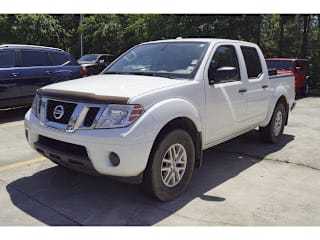 2017 Nissan Frontier S 1N6DD0ERXHN771705 2017 Nissan Frontier S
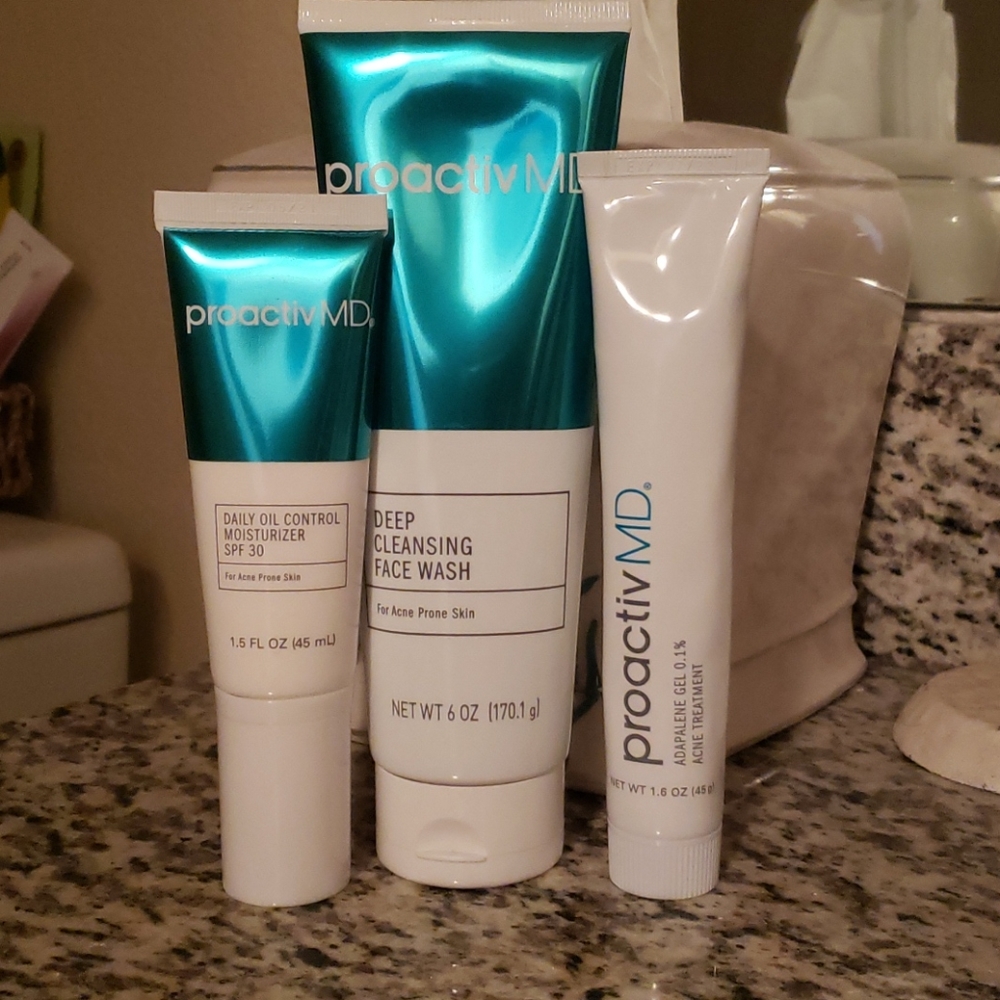 ProactivMD 3-Step Set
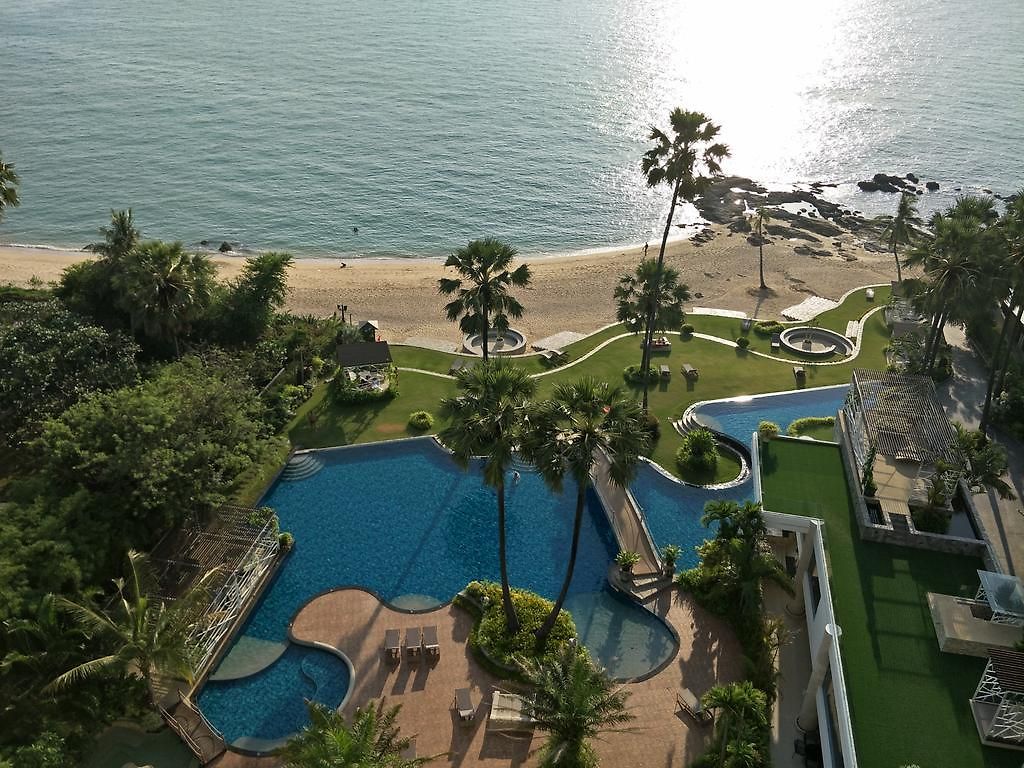 The Palm Wongamat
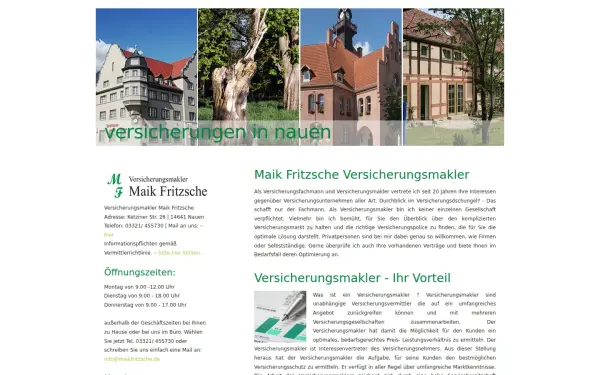 maxfritzsche.de
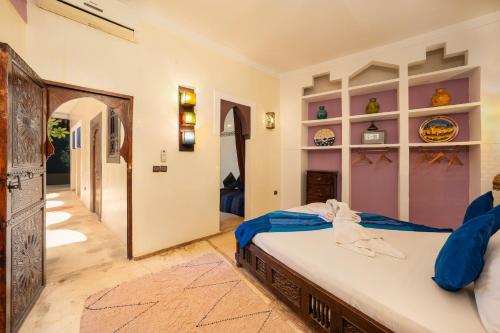 Suite Familiar del hotel Sidi Mimoune. Foto 11
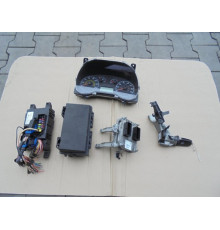 КОМПЬЮТЕР ДВИГАТЕЛЯ FIAT GRANDE PUNTO 1.4 8V-H-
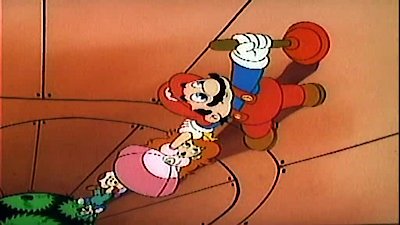 The Super Mario Bros. Super Show! (TV Series 1989) - IMDb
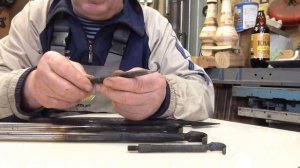 Посылка от Токаря-надомника. Вот оно СЧАСТЬЕ!!!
========================================
▸ **TASK INSTRUCTIONS**
Line by line, reproduce exactly the lines from the one containing "Suite Familiar del" through the final line of the material, both included, leaving every picture out.

▸ **WRITTEN RESPONSE**
 Suite Familiar del hotel Sidi Mimoune. Foto 11
 КОМПЬЮТЕР ДВИГАТЕЛЯ FIAT GRANDE PUNTO 1.4 8V-H-
 The Super Mario Bros. Super Show! (TV Series 1989) - IMDb
 Посылка от Токаря-надомника. Вот оно СЧАСТЬЕ!!!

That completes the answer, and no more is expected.